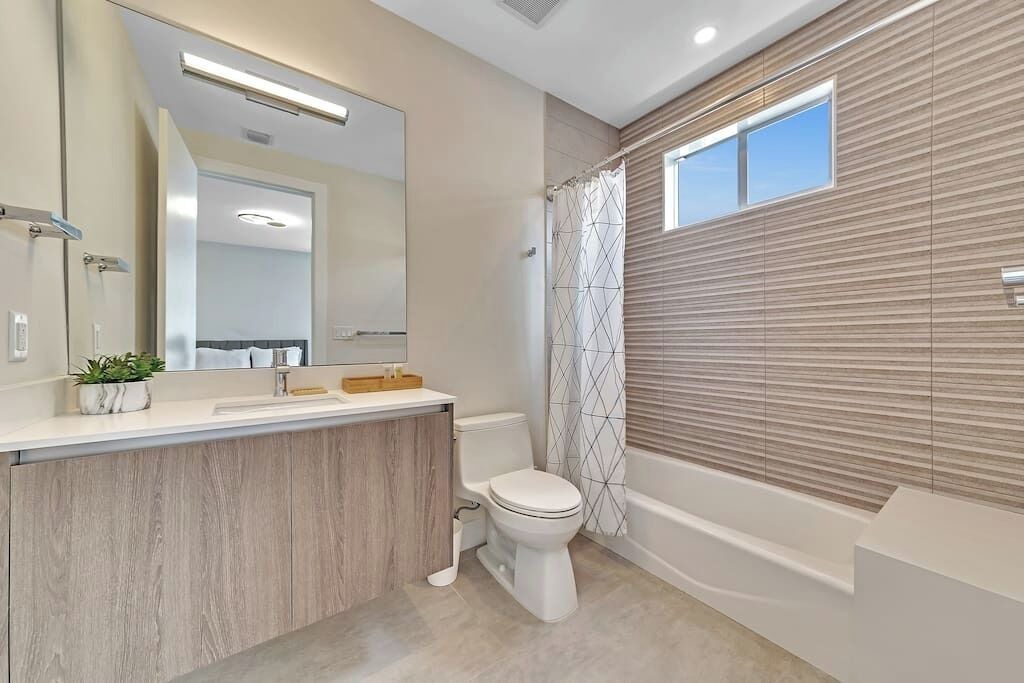 Photo of Bathroom in Coral Ridge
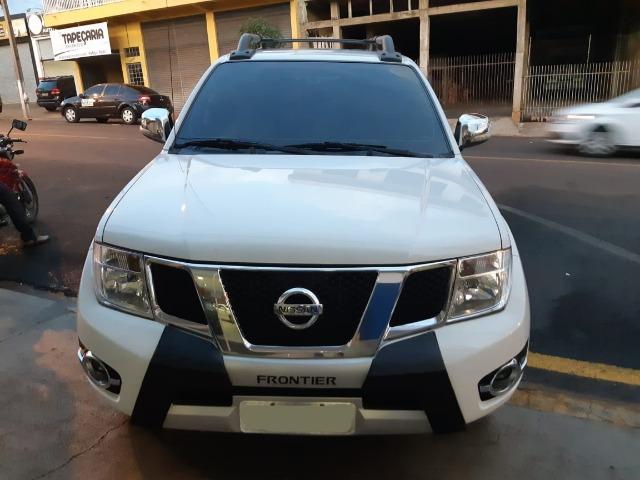 Nissan Frontier SL CD 2.5 190cv Diesel 4x4 Automática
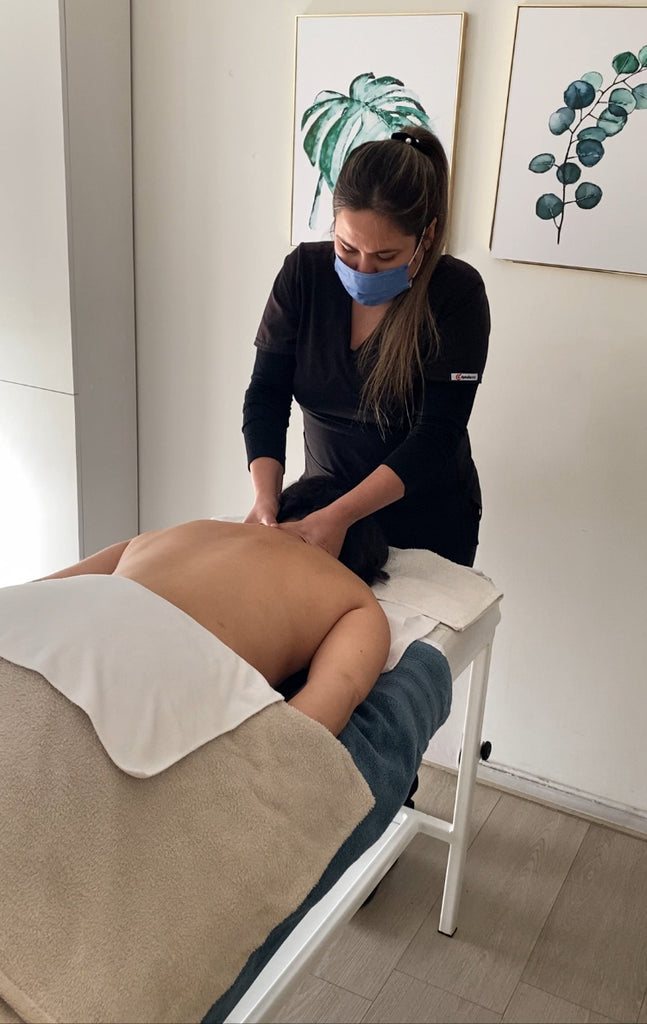 ¿Sabías que los masajes de relajación no solo son fabulosos para relajarse, si no que también son beneficiosos para la salud?
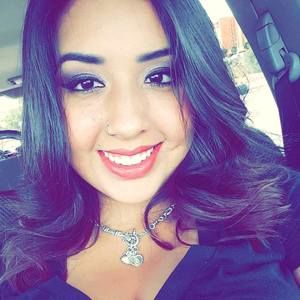 Meet your Posher, Vanessa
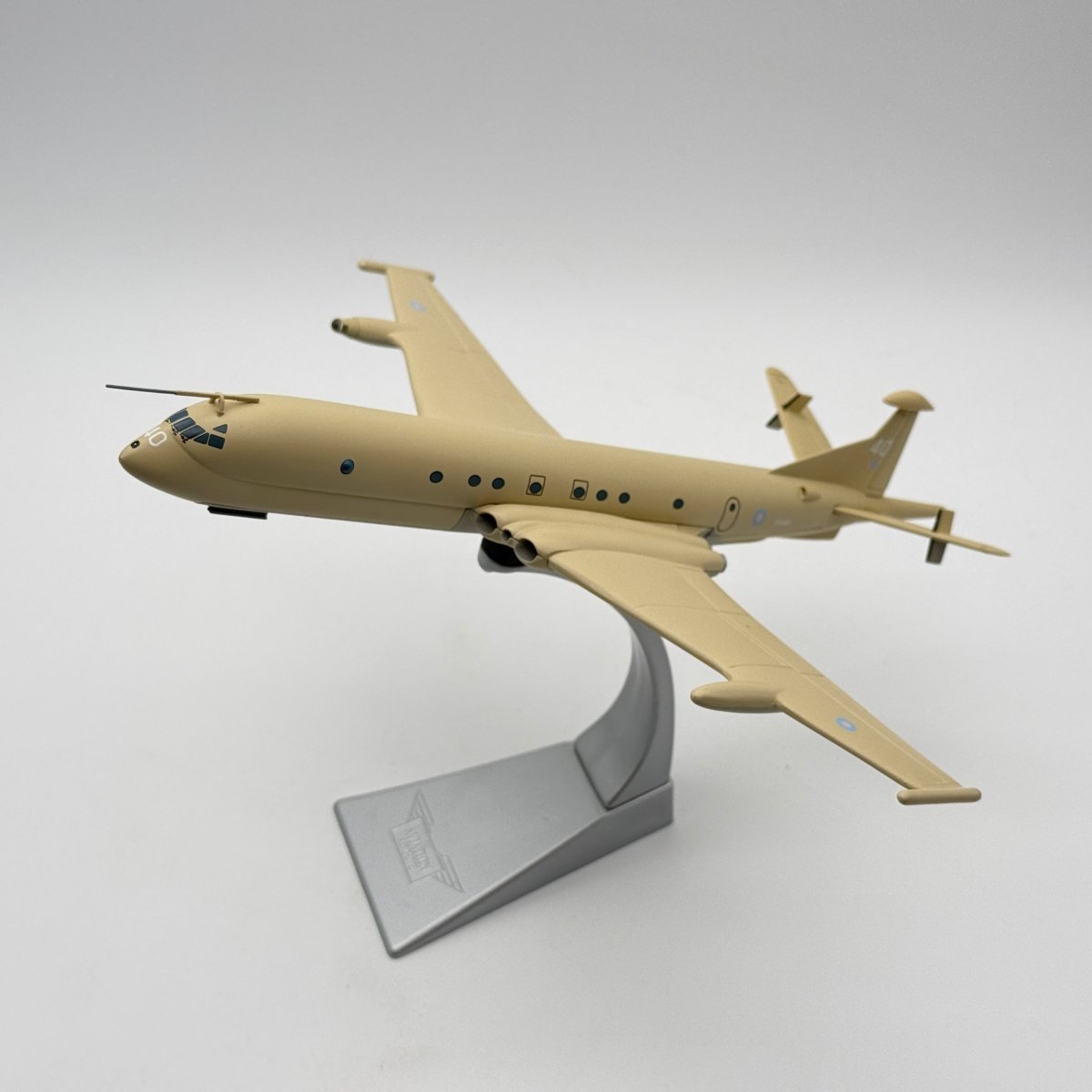 Corgi AA35601 1:144 BAe Nimrod MR.2 XV240 No. 201 Sqn RAF Kinloss Scotland 2004 - Corgi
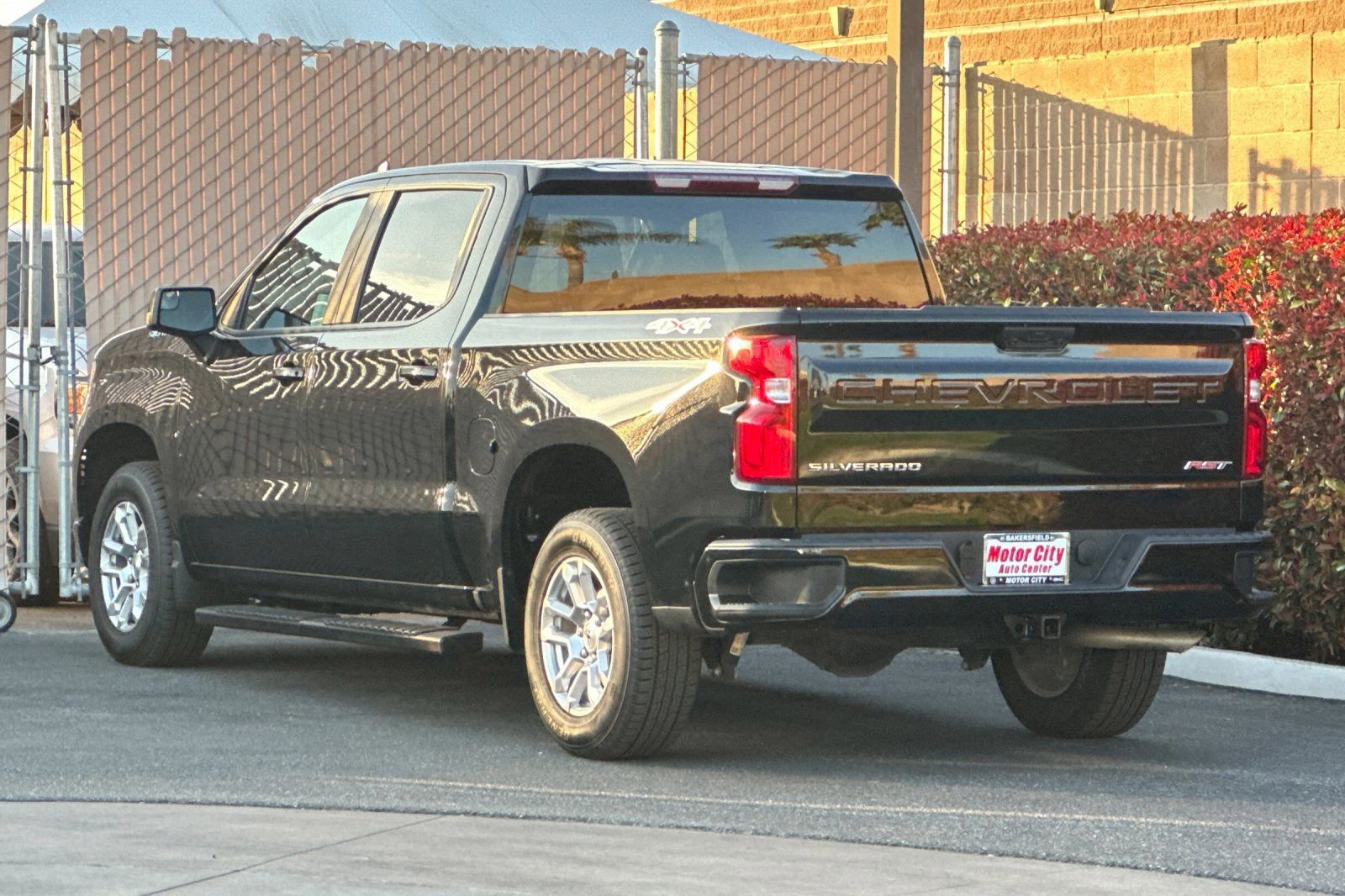 Used 2022 Chevrolet Silverado 1500 RST image 7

--- --- ---

- TASK DESCRIPTION
Would you please print out all the records above exactly, minus any pictures?

- ANSWER SPACE
 Photo of Bathroom in Coral Ridge
 Nissan Frontier SL CD 2.5 190cv Diesel 4x4 Automática
 ¿Sabías que los masajes de relajación no solo son fabulosos para relajarse, si no que también son beneficiosos para la salud?
 Meet your Posher, Vanessa
 Corgi AA35601 1:144 BAe Nimrod MR.2 XV240 No. 201 Sqn RAF Kinloss Scotland 2004 - Corgi
 Used 2022 Chevrolet Silverado 1500 RST image 7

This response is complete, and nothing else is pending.